The Court declined to hear the challenge despite growing disagreement in the federal courts as to whether existing anti-discrimination law protects LGBT workers.

The case was brought by Jameka Evans, who claims she was driven from her job at Georgia Regional Hospital by steady anti-gay harassment. Evans is a lesbian who does not conform to gender norms. She sued the hospital on leaving the post, claiming the 1964 Civil Rights Act — which prohibits sex-based discrimination — protects LGBT employees from workplace harassment.

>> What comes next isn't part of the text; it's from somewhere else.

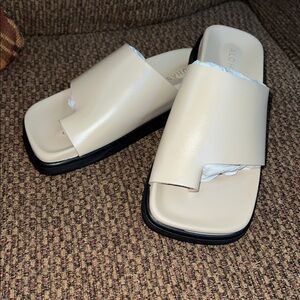 Alohas Toe Ring Flop Size 6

The 11th U.S. Circuit Court of Appeals affirmed a trial court ruling dismissing her case in July, prompting an appeal to the high court.

“By declining to hear this case, the Supreme Court is delaying the inevitable and leaving a split in the circuits that will cause confusion across the country,” said Greg Nevins, director of the employment fairness project at Lambda Legal. “But this was not a ‘no’ but a ‘not yet.'”

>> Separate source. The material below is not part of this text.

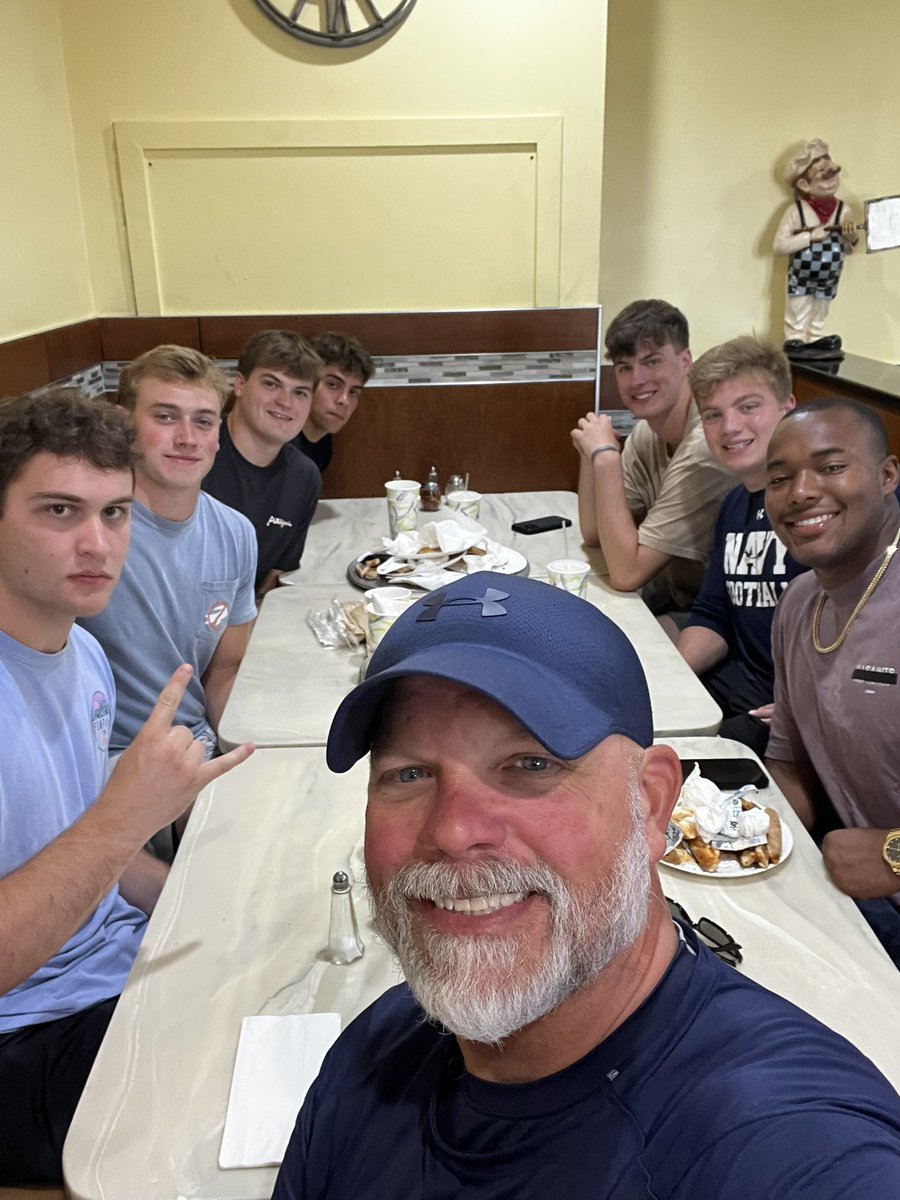 Always a good time breaking bread with the fella’s <a href="/NavyFB/">Navy Football</a> TE’s ⚓️🇺🇸⚓️ #GONAVY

The 7th Circuit heard a similar case in November 2016 concerning Kimberly Hively, an adjunct professor at a community college who claims she was precluded from joining the full-time faculty because she is a lesbian. The 7th Circuit sided with Hively eight to three, finding existing anti-discrimination law applies to LGBT workers. Both Evans and Hively are represented by Lambda Legal, a pro-LGBT rights public interest law group.

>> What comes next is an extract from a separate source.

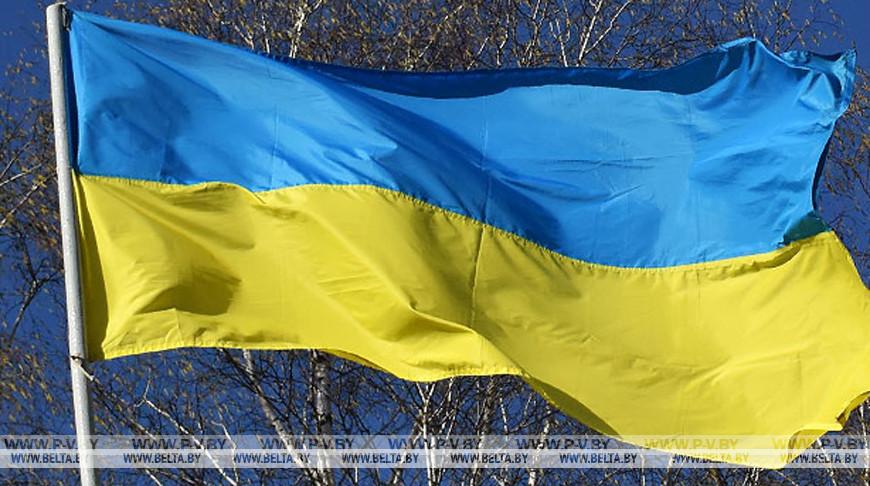 Азаров: Украине не нужна помощь Запада, страна способна восстановиться самостоятельно Азаров: Украине не нужна помощь Запада, страна способна восстановиться самостоятельно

In both cases, Lambda Legal argues that discriminating against someone in the workplace because of sexual orientation has always been unlawful under the 1964 Civil Rights Act. As they see it, discrimination against LGBT individuals is necessarily rooted in gender norms and stereotypes, which qualifies as the sort of sex-based discrimination the law forbids. The Equal Employment Opportunity Commission (EEOC) has endorsed this reading of the law.

A similar case is currently pending before the 2nd Circuit. The Supreme Court often reviews legal questions on which multiple circuit courts disagree. Given the growing disagreement among the appeals courts as to the reach of the Civil Rights Act, it seems likely the justices will eventually decide this question.